» **PROBLEM REQUIREMENTS**: Please write out exactly the line containing "Polea simple para" below and every line after it, through the last one, but leave out any pictures.

» **GIVEN ENTRIES**:
*** Block opens ***

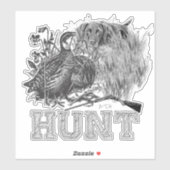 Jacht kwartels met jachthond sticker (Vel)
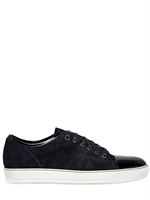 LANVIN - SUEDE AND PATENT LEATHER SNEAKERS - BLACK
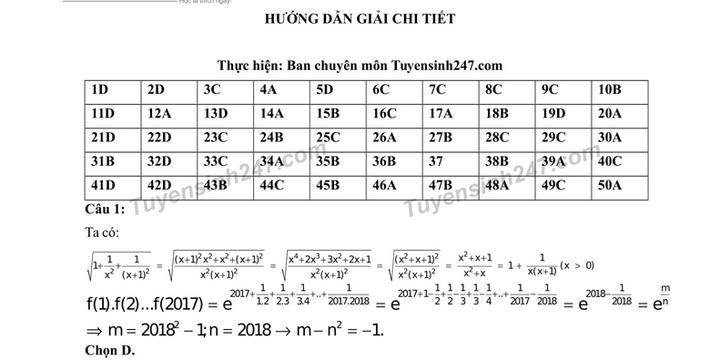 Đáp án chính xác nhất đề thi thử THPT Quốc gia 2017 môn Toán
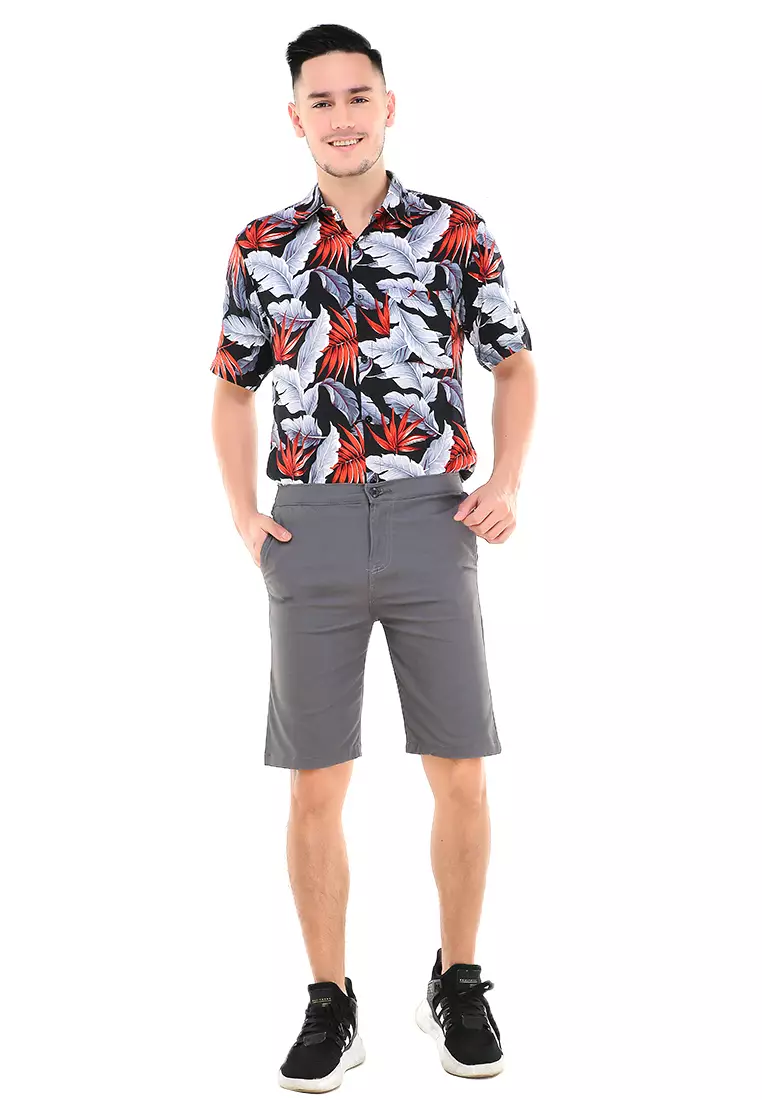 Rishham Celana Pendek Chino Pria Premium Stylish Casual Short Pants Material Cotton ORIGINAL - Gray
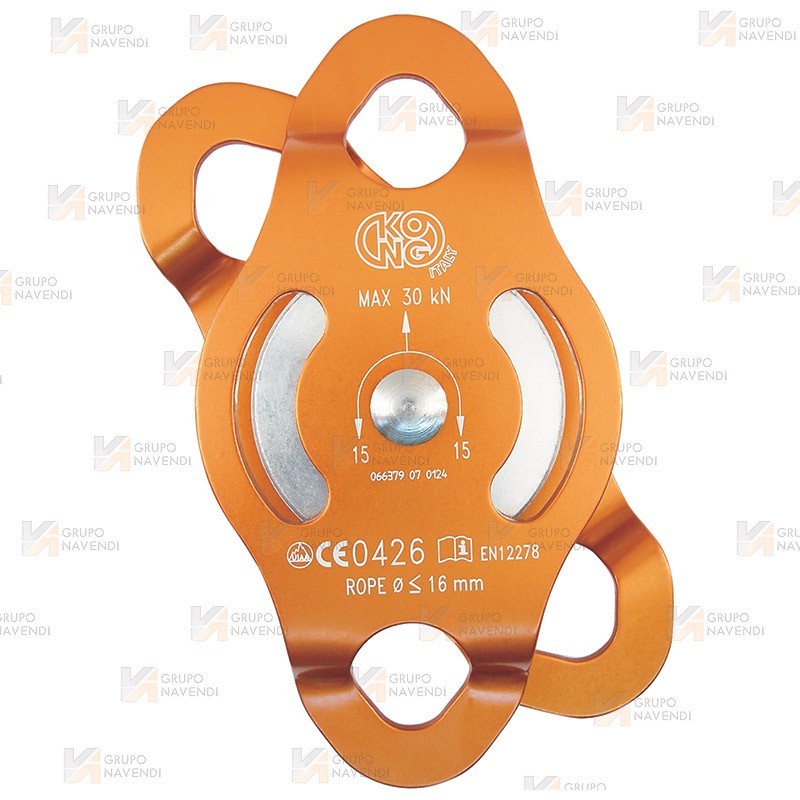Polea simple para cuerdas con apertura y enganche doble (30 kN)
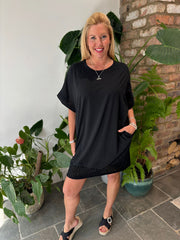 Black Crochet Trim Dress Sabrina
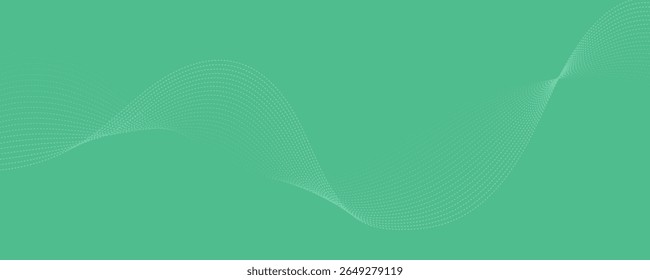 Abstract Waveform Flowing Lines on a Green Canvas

*** Block closes ***

» **WRITTEN ANSWER**:
Polea simple para cuerdas con apertura y enganche doble (30 kN)
 Black Crochet Trim Dress Sabrina
 Abstract Waveform Flowing Lines on a Green Canvas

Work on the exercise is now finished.